— Problem to solve —
Note how many lines in the material have "Garden", and give only that figure.
Input data Start Marker
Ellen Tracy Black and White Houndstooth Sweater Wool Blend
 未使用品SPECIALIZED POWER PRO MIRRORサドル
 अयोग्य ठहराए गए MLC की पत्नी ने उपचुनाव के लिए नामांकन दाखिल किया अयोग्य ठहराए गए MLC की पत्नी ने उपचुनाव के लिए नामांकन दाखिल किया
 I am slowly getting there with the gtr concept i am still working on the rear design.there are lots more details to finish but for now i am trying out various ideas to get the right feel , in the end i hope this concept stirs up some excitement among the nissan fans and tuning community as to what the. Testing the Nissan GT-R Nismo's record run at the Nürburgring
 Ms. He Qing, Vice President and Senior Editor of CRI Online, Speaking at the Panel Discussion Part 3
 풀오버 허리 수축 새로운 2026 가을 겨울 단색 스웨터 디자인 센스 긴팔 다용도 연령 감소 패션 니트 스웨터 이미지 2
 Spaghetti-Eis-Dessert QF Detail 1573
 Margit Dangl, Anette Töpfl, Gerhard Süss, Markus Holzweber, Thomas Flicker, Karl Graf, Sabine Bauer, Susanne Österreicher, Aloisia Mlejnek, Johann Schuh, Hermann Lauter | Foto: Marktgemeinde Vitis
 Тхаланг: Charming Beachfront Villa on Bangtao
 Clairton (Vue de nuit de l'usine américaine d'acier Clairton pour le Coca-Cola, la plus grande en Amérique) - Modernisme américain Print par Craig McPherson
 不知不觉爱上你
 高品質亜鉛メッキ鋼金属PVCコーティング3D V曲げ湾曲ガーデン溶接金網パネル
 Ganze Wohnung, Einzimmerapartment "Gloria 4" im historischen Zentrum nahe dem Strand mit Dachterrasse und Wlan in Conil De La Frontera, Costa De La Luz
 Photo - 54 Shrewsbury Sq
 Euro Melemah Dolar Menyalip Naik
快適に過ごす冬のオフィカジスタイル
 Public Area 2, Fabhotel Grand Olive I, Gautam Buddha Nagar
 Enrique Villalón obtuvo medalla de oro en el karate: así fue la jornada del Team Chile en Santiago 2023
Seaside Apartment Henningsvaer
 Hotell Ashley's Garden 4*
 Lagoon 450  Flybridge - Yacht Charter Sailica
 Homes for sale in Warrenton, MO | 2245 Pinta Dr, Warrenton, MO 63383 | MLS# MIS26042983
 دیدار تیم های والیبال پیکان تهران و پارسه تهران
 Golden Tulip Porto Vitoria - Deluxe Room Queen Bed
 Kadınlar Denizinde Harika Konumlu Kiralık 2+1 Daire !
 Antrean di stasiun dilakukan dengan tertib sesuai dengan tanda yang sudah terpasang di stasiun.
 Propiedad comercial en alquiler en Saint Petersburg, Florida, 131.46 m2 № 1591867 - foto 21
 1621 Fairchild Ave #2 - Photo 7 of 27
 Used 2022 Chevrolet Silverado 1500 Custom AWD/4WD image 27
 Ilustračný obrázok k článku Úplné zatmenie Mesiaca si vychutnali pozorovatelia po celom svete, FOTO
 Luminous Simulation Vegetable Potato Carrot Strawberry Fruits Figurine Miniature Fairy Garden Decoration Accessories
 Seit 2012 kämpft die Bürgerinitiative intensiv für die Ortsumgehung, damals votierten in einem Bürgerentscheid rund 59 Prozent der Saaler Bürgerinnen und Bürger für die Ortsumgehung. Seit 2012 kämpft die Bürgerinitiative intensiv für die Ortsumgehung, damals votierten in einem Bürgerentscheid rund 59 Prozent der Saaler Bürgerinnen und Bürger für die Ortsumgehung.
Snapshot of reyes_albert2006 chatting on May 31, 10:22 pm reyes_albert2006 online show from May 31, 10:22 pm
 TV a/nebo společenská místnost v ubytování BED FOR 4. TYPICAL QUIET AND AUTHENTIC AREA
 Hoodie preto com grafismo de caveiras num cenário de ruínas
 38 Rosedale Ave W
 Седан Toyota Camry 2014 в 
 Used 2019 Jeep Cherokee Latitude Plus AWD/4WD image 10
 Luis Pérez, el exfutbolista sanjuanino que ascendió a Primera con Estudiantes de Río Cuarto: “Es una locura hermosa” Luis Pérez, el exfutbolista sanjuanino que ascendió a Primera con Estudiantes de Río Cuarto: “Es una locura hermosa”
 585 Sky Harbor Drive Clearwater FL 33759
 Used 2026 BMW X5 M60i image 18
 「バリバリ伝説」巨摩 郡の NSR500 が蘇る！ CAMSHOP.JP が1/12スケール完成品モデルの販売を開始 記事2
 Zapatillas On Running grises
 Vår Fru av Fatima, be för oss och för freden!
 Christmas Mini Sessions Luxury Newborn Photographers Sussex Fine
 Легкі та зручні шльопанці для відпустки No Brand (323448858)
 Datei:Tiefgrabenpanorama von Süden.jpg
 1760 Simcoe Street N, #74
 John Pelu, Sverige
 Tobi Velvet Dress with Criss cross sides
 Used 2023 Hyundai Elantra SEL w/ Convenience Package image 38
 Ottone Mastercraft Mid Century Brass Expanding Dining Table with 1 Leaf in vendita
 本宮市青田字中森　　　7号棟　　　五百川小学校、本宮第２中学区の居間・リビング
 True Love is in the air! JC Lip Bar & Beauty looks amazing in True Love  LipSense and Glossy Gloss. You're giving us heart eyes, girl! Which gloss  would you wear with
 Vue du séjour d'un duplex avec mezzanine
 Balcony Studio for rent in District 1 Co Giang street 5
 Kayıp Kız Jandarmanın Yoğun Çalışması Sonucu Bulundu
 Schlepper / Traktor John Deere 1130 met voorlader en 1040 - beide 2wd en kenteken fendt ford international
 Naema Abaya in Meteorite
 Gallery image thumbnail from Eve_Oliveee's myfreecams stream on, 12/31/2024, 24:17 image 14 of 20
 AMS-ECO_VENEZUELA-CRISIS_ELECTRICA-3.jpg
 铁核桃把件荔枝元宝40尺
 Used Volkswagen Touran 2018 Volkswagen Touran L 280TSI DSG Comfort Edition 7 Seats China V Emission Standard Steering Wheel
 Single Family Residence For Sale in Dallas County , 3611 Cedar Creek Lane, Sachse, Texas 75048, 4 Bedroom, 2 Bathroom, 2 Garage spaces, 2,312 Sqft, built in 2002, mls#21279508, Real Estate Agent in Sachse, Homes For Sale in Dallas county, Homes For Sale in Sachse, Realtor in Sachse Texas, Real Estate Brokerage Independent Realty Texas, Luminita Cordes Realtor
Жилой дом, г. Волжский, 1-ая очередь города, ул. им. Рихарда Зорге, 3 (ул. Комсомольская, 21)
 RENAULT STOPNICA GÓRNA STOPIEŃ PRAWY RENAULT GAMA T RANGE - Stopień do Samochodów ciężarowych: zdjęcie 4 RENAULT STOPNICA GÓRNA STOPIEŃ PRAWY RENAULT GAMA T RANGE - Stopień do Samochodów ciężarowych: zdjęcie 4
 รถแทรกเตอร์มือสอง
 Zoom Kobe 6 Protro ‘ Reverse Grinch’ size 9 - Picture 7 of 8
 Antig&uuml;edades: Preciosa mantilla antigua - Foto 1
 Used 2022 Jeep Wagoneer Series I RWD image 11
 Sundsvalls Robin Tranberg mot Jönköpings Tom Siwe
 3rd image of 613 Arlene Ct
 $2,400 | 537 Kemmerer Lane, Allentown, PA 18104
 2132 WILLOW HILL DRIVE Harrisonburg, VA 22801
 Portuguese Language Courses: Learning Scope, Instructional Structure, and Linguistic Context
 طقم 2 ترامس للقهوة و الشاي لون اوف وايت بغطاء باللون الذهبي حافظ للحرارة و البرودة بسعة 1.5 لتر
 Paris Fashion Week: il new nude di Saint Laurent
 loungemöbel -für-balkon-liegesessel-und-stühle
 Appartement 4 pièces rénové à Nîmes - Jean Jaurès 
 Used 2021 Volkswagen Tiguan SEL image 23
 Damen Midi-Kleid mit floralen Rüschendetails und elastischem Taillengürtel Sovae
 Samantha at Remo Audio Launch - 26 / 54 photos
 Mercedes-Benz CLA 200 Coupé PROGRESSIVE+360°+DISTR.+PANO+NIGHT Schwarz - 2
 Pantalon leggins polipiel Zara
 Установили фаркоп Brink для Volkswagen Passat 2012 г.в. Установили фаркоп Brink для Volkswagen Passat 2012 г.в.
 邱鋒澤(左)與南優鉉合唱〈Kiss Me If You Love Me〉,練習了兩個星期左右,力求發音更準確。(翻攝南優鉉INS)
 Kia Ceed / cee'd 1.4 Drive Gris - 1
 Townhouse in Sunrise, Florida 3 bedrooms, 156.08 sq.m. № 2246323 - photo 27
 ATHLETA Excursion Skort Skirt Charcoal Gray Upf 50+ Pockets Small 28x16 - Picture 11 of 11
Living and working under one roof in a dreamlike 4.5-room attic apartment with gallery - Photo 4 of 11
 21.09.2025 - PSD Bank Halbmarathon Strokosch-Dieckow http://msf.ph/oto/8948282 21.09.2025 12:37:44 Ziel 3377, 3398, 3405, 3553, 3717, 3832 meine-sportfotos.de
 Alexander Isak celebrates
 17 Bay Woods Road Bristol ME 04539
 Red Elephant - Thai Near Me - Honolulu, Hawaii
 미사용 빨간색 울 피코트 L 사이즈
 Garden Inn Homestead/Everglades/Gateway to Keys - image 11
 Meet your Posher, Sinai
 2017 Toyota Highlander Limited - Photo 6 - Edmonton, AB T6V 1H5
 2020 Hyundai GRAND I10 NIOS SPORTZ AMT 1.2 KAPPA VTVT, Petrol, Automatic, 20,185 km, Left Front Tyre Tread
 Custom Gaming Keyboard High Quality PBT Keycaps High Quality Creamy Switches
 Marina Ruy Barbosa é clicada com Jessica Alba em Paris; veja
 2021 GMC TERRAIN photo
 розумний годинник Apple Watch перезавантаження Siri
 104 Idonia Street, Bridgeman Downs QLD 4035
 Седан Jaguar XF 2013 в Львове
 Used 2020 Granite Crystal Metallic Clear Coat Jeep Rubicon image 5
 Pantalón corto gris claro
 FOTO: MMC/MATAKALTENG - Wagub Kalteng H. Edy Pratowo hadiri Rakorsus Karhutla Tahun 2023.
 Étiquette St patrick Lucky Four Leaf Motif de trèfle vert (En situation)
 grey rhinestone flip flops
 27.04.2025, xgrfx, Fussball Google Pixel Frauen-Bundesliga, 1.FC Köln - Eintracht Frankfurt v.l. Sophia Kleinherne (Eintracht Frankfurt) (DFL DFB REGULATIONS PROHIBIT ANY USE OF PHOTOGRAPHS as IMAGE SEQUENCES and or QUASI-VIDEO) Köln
Input data End Marker
— Answer box —
3